Driving by long rows of freshly watered crops or stopping to get some produce, it's easy to get caught up in romantic notions about farming and miss the struggle that many Ventura County farmers find themselves in. In truth, they are trying to make a living in a highly competitive, high-overhead business.
In the wake of the ongoing drought and this winter's big freeze--which cost Ventura County farmers an estimated $128 million--many farmers say they feel they are fighting an uphill battle with the fickle forces of nature.
"There are enough tough facts in farming to scare the pants off of most people," says Rex Laird, the executive director of the Ventura County Farm Bureau. Yet people keep trying.
It's a constant question for some, wondering whether they should stay and work the land or try to get out, sell to developers or find some other suitable use for the land.

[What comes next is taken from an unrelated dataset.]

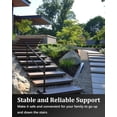 thumbnail image 2 of Handrails for Outdoor Steps, 2 Step HandRail Fit 1 to 2 Steps Outdoor Stair Railing, Metal Porch Railing, Deck Handrail, Black Wrought Iron with Installation Kit for Concrete Steps, 2 of 10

"There isn't a crop that pays its way compared with what development would do," says Rick Brecunier, 45, owner and manager of the Tierra Rejada Ranch in Moorpark.
Laird said most of the $806-million-a-year agricultural industry in Ventura County is holding its own, even with the frost and drought. Vegetable growers, however, have not been so fortunate. "The frozen vegetable business is virtually gone from this county due to competition in Mexico," he says.
But Laird says farming is like gambling: "In the gaming rooms of Las Vegas, every time there's a spot at the table, someone's willing to step up and take the risk."
Brecunier took the step when he married into farming. Straight out of a two-year stint in the Peace Corps in Bolivia, he was invited by his father-in-law, Monroe Everett, now 84, into the family farming business. Brecunier and his wife, Linnea, figured it was worth a try.
Now, 20 years later, he finds farming a day-to-day struggle. The 170-acre farm--Everett bought 350 acres in 1935 for $40,000--has been losing money for two years, and Brecunier says he doesn't deal well with the frustrations of the business.
"If you have a great crop one year, it's only good if no one else did. If it was a good year for everyone, the crop may not be worth much," he says.
The Tierra Rejada Ranch has 40 acres of pick-your-own vegetables, a system designed by Brecunier to lower his labor costs and give the public a hands-on view of the farm. The ranch sells oranges, avocados, grapefruit, blackberries, apples, apricots, peaches and walnuts in season, runs a seasonal pumpkin patch that draws hundreds of preschoolers and schoolchildren on field trips every fall, and offers herbs and some plants.
"Things come up every day that are unexpected," he says, "like the water pipelines break, or the pests attack a crop."
The retail vegetable stand helps Brecunier limit his losses because he can set his own prices and not be dependent on the economic climate of the central market.
But Brecunier says he feels farmers are being attacked from all sides. He gets pressure to limit pesticide use, but he needs high-volume crops to make a profit. He says there's pressure to restrict water use, yet he's had to grow crops that require considerable water. Water costs from the Calleguas Municipal Water District have gone from $45 an acre-foot in 1970 to $286 an acre-foot this year.
"The price of diesel has more than doubled; electricity, labor have all gone up, but the cost of food is stable," he says. "The future of agriculture in this county doesn't look good."
Because of zoning restrictions, Brecunier's land can only be subdivided in 40-acre parcels, a rule he calls restrictive. "We're in a situation where we're saving prime agricultural land, for what? To look at?" he says. "Or so somebody can go broke on it?"
At Underwood Ranches in Somis, the climate is more positive. Craig Underwood, 48, and wife Sara Jane, 48, took over the farm in the early '70s from Craig's father, Richard, 74, whose father started the farm in 1916. In 1988, Underwood totally changed his vegetable-growing operation, switching from broccoli, lettuce and celery to specialty vegetables such as baby carrots, baby beets, turnips and gourmet lettuce, grown on 800 acres--only 150 of which he owns. By specializing in unique vegetables, Underwood has been successful.
He first started the Underwood Produce Stand in 1980 with the idea that the way to make it in farming was to produce something customers couldn't get elsewhere. Gradually he began developing a wholesale market for the specialty vegetables, selling to restaurants in Los Angeles, New York, Florida and overseas. "We concentrated on areas where we had an advantage," Underwood says.
To keep his operation in the black, Underwood tracks his expenses and profits closely on a computer system. "It doesn't take much of a swing to run you into a negative position," he says. "There's not much of a profit margin."